The one who walked out of the carriage was not some fragile person in need of protection.
Her Highness, the Saintess of the Blazing Sun Church, was herself a terrifying weapon.
As the sea-crystal staff in her hand swept through the air, ferocious, sharp ice thorns burst from the surface of the frost barrier, piercing through the surviving Centigors.
Todinis realized that this was a trap.
They had been misled by the intelligence provided by the informant.
They had to retreat, even if that was a disgraceful act for hoofed warriors.
At this moment, the beast pack’s camp was empty.
If they suffered too many losses here, the very concept of the beast pack would cease to exist.
He would no longer be a beast pack leader, and that terrifying “Trampler” would neither acknowledge nor accept a fallen loser.
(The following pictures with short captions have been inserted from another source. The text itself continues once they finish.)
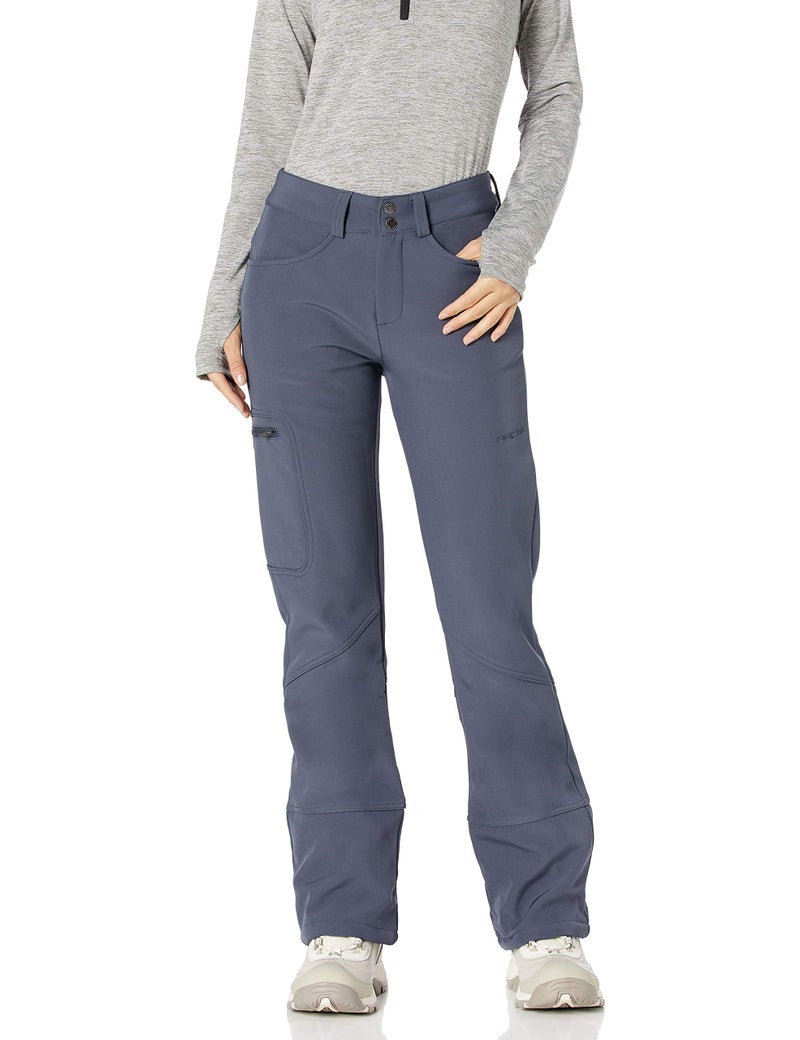 Arctix Women's Sarah Fleece-Lined Softshell Pants, Steel, Medium - Image 4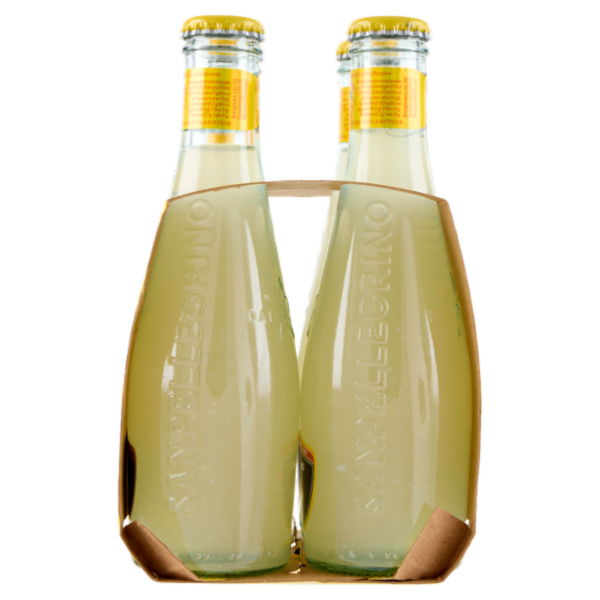 BIBITE SANPELLEGRINO, Bevande Gassate, Naturali, Limonata, Vetro 4x20cl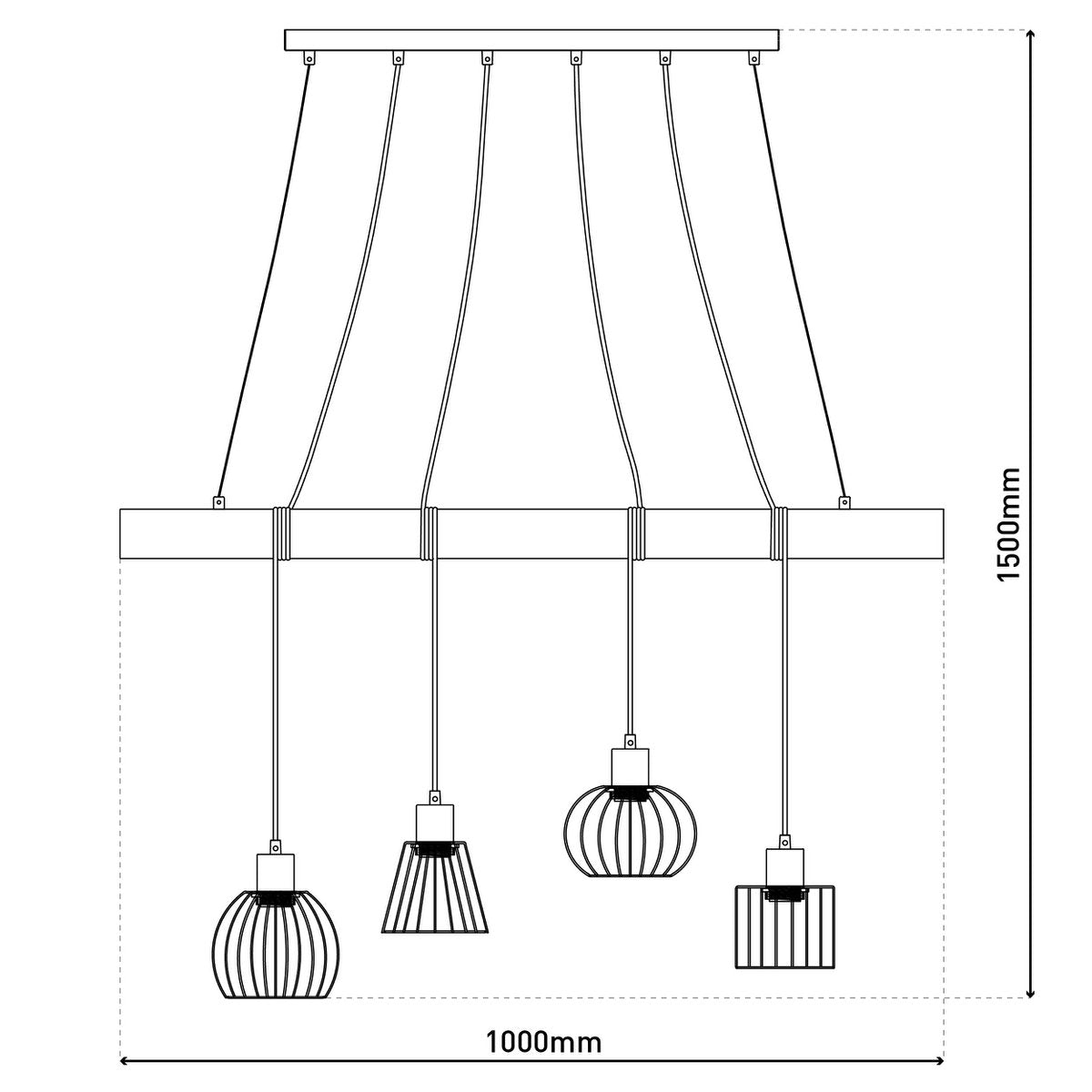 Handgemaakte hanglamp in hout - ambachtelijk ontwerp, premium kwaliteit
Driven by instinctive fear, Todinis let out a low growl of retreat.
However, the warriors no longer obeyed his commands.
They charged toward those iron-clad riders, and their so-called assault ultimately turned to dust within platinum-white flames.
The weaker Ungors fled in panic without any sense of direction.
Many of them even blindly crashed in front of the iron cavalry’s hooves, only to be crushed beneath the violent warhorses.
By the time Todinis came back to his senses, he was already completely surrounded.
Those silver-armored knights pointed blazing sword edges at him, and a stinging heat reached the tips of his fur.
The knights opened a path.
A girl with platinum-blonde hair slowly walked forward from among them.
She was so slender and frail, forming a sharp contrast with the fully armored knights around her.
In Todinis’s eyes, perhaps this was his only chance.
Driven into a dead end, the war-horn beast leader suddenly erupted into action.
He raised the axe blade in his hand and swung it toward the seemingly fragile girl.
A shocking cold rushed toward him head-on.
He felt as if he were facing an open ice cellar.
Everything froze.
It was as though time itself had stopped.
Todinis discovered that he seemed forever unable to approach the girl.
His movement stalled in midair, and not even a whimper could escape his throat.
Frozen drops of blood fell onto the snow, striking small pits into the white ground.
A sharp pain spread from his throat throughout his body.
Only then did he discover that a slanted, razor-sharp ice spike had extended from beneath the girl’s feet at some unknown moment.
It had pierced the war-horn beast through the neck.
The girl lifted her head slightly.
She coldly met the gaze of this trapped beast.
Ice-blue eyes, as if a thick layer of frost forever covered them.
In the final moment before Todinis lost consciousness, all he felt from the depths of those eyes was endless, bone-piercing cold.